• [YOUR TASK]
Each line of the material should be set down exactly. Pictures are not part of the copy.

• [DATASET CONTENT]

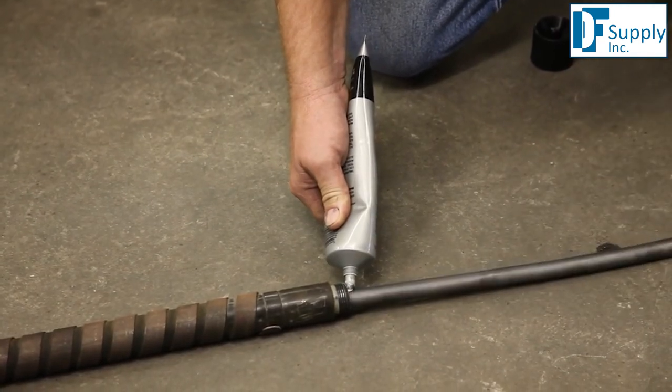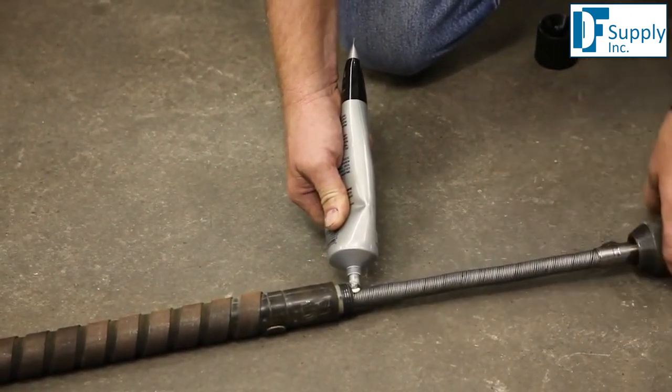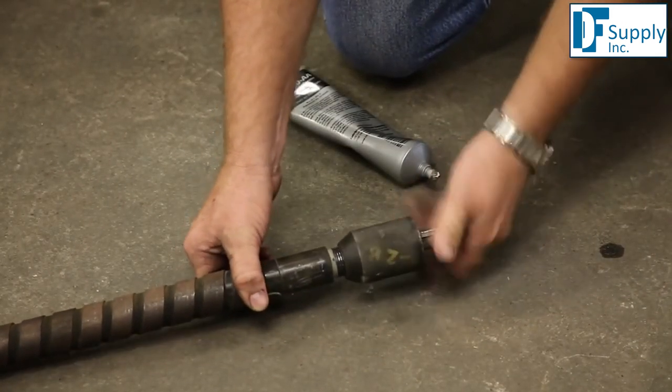It may be necessary to turn the core at the clutch drum so the stub inserts properly into the transmission pinion shaft. Tighten the end assembly down.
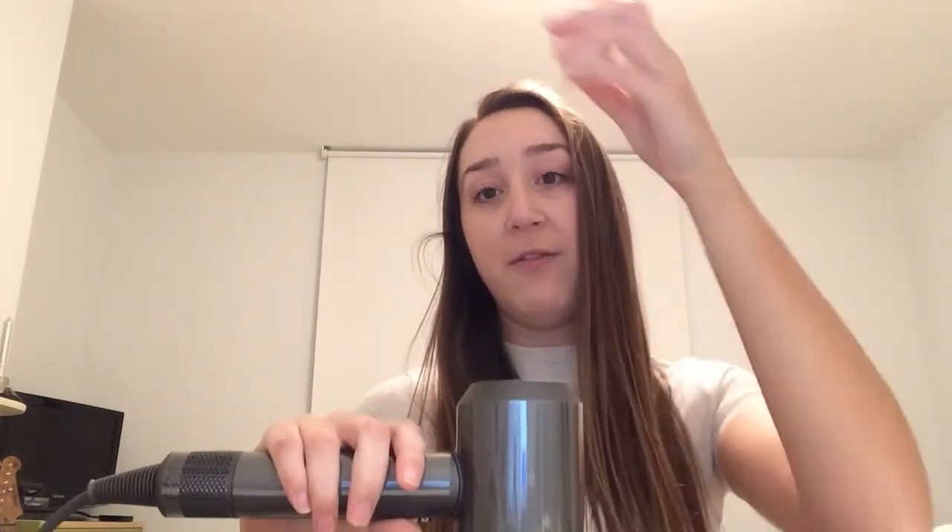So how does this work? The hairdryer produces a high velocity stream of air with low pressure, and the surrounding air keeps the ping pong ball inside the stream. When we place the ping pong ball inside the stream, the surrounding air keeps it within the stream. So when the ping pong ball is in equilibrium, this is when the force from the air equals the same weight as the ping pong ball.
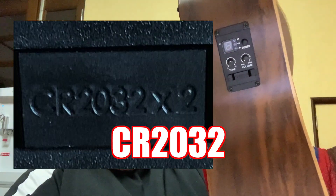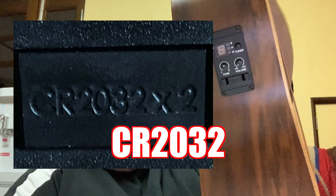When you go to change the battery, it's written right here the type of battery you need to use. And then when you open it up, you might notice there's a different number on the battery.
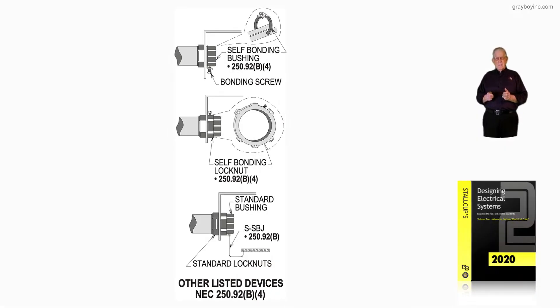This illustration deals with other listed devices in accordance with NEC 250.92(B)(4). This would be a situation where with the right fittings, you wouldn't have to install a bonding jumper. Notice in figure 16-96, at the very top, we have bushings. We have a self-U-shape bushing that is self-bonding because it has a screw that will bind it into the raceway.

• [TASK RESPONSE]
It may be necessary to turn the core at the clutch drum so the stub inserts properly into the transmission pinion shaft. Tighten the end assembly down.
So how does this work? The hairdryer produces a high velocity stream of air with low pressure, and the surrounding air keeps the ping pong ball inside the stream. When we place the ping pong ball inside the stream, the surrounding air keeps it within the stream. So when the ping pong ball is in equilibrium, this is when the force from the air equals the same weight as the ping pong ball.
When you go to change the battery, it's written right here the type of battery you need to use. And then when you open it up, you might notice there's a different number on the battery.
This illustration deals with other listed devices in accordance with NEC 250.92(B)(4). This would be a situation where with the right fittings, you wouldn't have to install a bonding jumper. Notice in figure 16-96, at the very top, we have bushings. We have a self-U-shape bushing that is self-bonding because it has a screw that will bind it into the raceway.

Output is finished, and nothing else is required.